GERMANY
GERMANY: Tuition fees deter students
An unpublished survey commissioned by Germany's Education Ministry has further fuelled the debate on tuition fees. According to the new study, leaked to a news agency ahead of an unsuccessful 'Education Summit' last week, far more young people are put off from studying by tuition fees than previously assumed. The Stifterverband, Germany's donors' association for science and the humanities, also claims that poor study conditions are acting as a deterrent.The study was submitted to the Education Ministry some weeks ago. It states that out of the secondary-school-leaving cohort in 2006, up to 18,000 students had not gone on to further education because of worries about tuition fees - even though only two out of Germany's 16 Länder, or federal states, had introduced tuition charges. A further five states have since introduced fees.
The survey shows that women and young people from educationally disadvantaged groups of the population who are most deterred from studying. Ulla Burchardt, head of the Parliamentary Committee on Education, and a Social Democrat, called for an immediate release of the survey after it had been leaked to deutsche-presse-agentur, a leading German news agency.

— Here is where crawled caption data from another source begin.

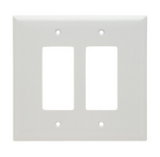 Jumbo White Decora Opening Plates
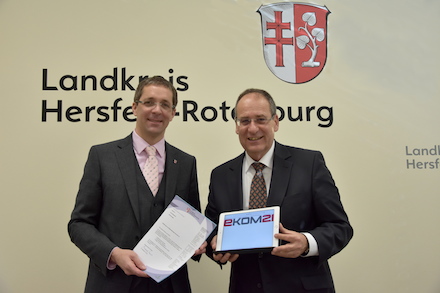 Kreis Hersfeld-Rotenburg und ekom21 vereinbaren enge Zusammenarbeit.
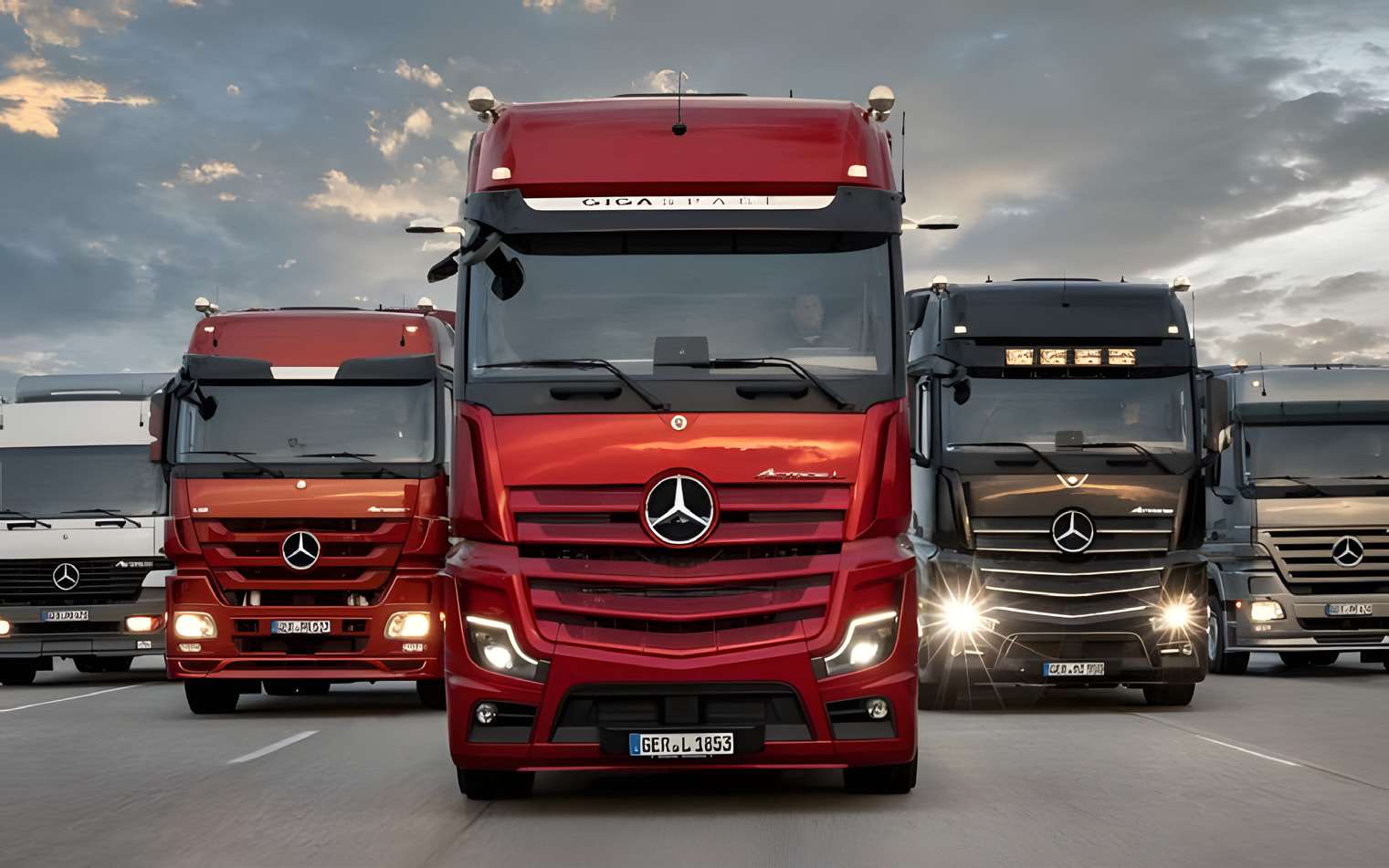 Our fleet of trucks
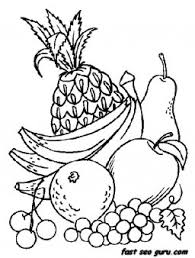6,366 61 51 wild west coloring sheets. Printable Fruits Pineapple Grpsae And Banana Coloring In Pages Free Kids Coloring Pages Printable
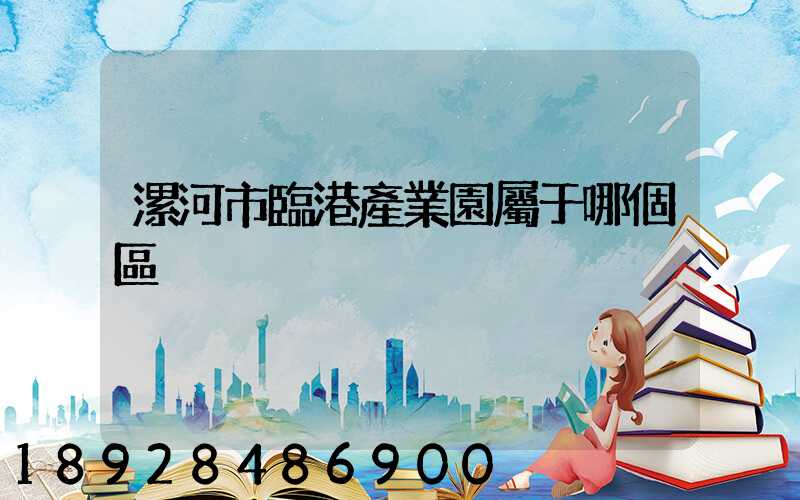 漯河市臨港產業園屬于哪個區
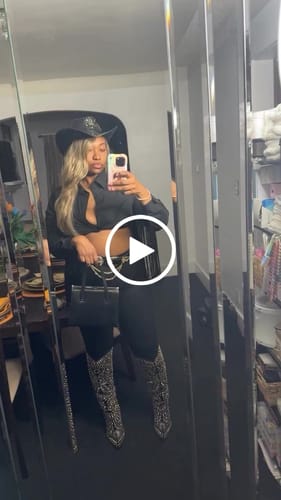 Customer video review of TEXAS-BLACK WESTERN BOOT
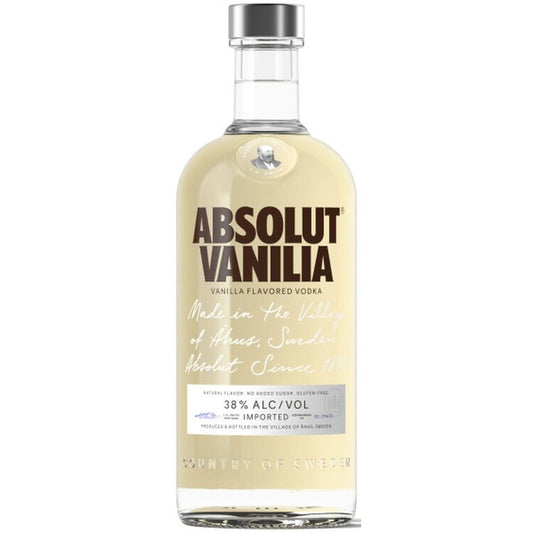 Absolut Vanilla Flavored Vodka Vanilia 76 - 750ML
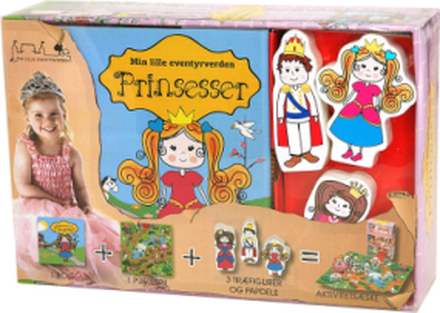 Prinsesser Min Lille Eventyrverden Toys Playsets & Action Figures Wooden Figures Classic Puzzles Multi/mønstret GLOBE*Betinget Tilbud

Burchardt demanded the results be addressed at the Education Summit but the survey has still not been published. The Education Ministry is headed by Annette Schavan, a member of the Christian Democratic Party (CDU), the senior partners in the ruling coalition. So far, tuition fees have only been introduced in CDU-led states.
Stifterverband President Arend Oetker claimed it was not tuition fees that were putting people off from studying but poor study conditions: "The Stifterverband believes that young people are worried about the detrimental circumstances they are supposed to study in. Poor study conditions are unsocial, not tuition fees," Oetker said. He thinks that tuition fees are essential to improve study conditions and lower dropout rates.
Commenting on the outcome of the summit, Oetker said, "Federal and state governments have shown a lack of courage. They have given up the goal of motivating more young people to opt for studying."
Germany was the only country charging young parents several hundred euros a month for sending their children to kindergarten while retaining free-of-charge education. "It ought to be exactly the other way round," Oetker said. "Instead, we already start with social selection when children are just three or four years old. That's the real scandal. Prospective academics benefit from the EUR500 they have paid on semester tuition fees when they starting earning more than others later on."